Zeynep Abla'nın gülüşüyle gözlerim tekrar annemi buldu. Hepimize özür diler gibi bakıyordu. Farkında olmadan söylemişti muhtemelen. Bize yansıtmamak için kendini paraladığını biliyordum. Kendini ölecek gibi hissediyordu.

"Ben bir lavaboya gideceğim." Diyerek kalktı babam. Adamın elleri titriyordu. Hiç birimizin de ondan farkı yoktu zaten. Babam koridora doğru yürürken annem de dayanamayıp arkasından gitti.

"Yanlış bir şey mi söyledim Gökhan Abi?" Diye Zeynep Abla tedirginlikle konuştu. Dedem başını iki yana salladı. "Yok Zeynep, aralarında bir meseledir muhtemelen. Biz karışmayalım." ve yemeklerine geri döndüler. Ama benim aklım annemde ve babamda kalmıştı.

  O masada otururken ilk kez,babamın oğlu değil de ta kendisi oldum. Düşündüm.

  Bir kadını sevdiğimi hayal ettim. Kendimden daha fazla değer verdiğimi... ve o kadının ölmek üzere olduğunu düşündüm. Aptal bir hastalık yüzünden tüm hayatımı adamaya yemin ettiğim kadın benden gidiyordu ve ben hiç bir şey yapamıyordum. Ellerim kollarım bağlıydı.

  Siktir, çok boktan bir histi!

  Masadan kalkıp gidemedim,ama yemek de yiyemedim. Bir kaç dakika sonra annem ve babam geldiler ama artık gülmüyorlardı. Kimse gülmüyordu.
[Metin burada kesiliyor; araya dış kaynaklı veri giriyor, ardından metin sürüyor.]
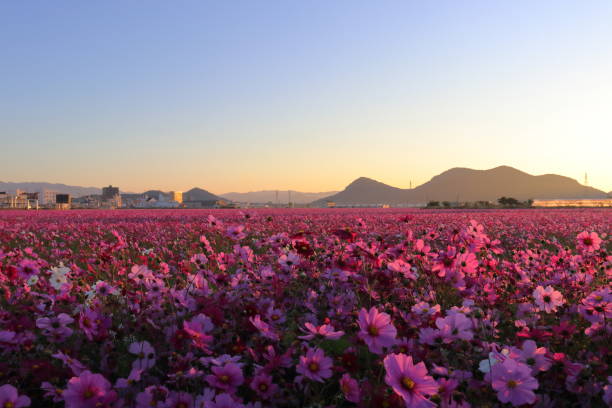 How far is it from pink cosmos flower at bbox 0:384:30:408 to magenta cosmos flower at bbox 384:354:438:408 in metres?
1.27

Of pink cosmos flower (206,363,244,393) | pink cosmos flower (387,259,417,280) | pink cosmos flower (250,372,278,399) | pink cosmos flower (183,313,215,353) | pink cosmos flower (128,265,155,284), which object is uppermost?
pink cosmos flower (387,259,417,280)

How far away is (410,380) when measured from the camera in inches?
53.7

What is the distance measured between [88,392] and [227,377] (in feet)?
1.68

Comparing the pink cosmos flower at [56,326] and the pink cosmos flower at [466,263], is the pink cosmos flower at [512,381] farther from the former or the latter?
the pink cosmos flower at [56,326]

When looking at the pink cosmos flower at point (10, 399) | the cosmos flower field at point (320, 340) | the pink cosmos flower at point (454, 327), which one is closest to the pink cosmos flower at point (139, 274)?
the cosmos flower field at point (320, 340)

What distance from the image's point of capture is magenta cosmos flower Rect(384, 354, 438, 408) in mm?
1330

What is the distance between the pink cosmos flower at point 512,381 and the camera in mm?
1425

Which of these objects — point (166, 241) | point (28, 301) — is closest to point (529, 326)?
point (28, 301)

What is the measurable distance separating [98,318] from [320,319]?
142cm

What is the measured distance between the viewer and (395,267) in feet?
8.89

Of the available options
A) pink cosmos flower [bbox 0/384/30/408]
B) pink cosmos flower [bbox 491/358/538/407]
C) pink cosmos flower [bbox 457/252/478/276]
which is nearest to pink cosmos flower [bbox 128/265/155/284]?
pink cosmos flower [bbox 0/384/30/408]

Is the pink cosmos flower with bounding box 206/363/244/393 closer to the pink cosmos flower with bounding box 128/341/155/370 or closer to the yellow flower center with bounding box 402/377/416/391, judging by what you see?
the pink cosmos flower with bounding box 128/341/155/370

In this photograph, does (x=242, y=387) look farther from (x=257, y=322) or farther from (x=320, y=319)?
(x=320, y=319)

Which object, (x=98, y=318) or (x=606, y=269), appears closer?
(x=98, y=318)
  Yemeklerimizi yeyip kalktık. Doğan Abiler gittiler. Ama onlara veda bile edemedim. Aklım o kadar doluydu ki...

  Kimseye bir şey söylemeden odama gittim. Yatağın altına sakladığım bir kaç bira şişesi vardı, onları da alıp balkona çıktım. Önümdeki manzara Beşiktaş manzarasıydı. Denize nazır stad gözümün önündeydi.

  Birayı açtığım sırada telefonumun sesini duydum. Bir mesaj gelmişti.

Bilinmeyen Numara: Nasılsın?

  Bu kız cidden hissediyordu! Yoksa her sıkıntıya düştüğümde beni bulmasının, mesaj atmasının başka bir açıklaması olamazdı.

Feda: İyi değilim ve bunu yine hissettin

Feda: Nasıl yapıyorsun bunu?

Bilinmeyen Numara: Meslek sırrı ;)

Bilinmeyen Numara: Anlat bakalım, ne oldu?

Feda: Her zamanki şeyler, anneme aklım takılıyor

Bilinmeyen Numara: Bir şey mi oldu?

Feda: Annem yaşamaya dair inancını kaybediyor sanırım

Feda: ve o kaybederse biz biteriz

Feda: Annemi nasıl kurtaracağım bilinmeyen?

  O yazarken ben telefonu kilitleyip yanıma bıraktım. Babamın ne halde olduğunu düşündüm önce, sonra annemin. Arada bazı problemler olsa da genel olarak mutlu bir aileydik biz. Birbirimizden başka kimseye sarılmıyorduk. Gerçi hala öyleydik. Annemin hastalığını kimseye söylememe nedenimiz de buydu. Doğan Abi bile bilmiyordu, çünkü annem bilmesini istememişti. Ben bir bok yeyip bilinmeyene söylemiştim ama o kıza garip bir şekilde güveniyordum.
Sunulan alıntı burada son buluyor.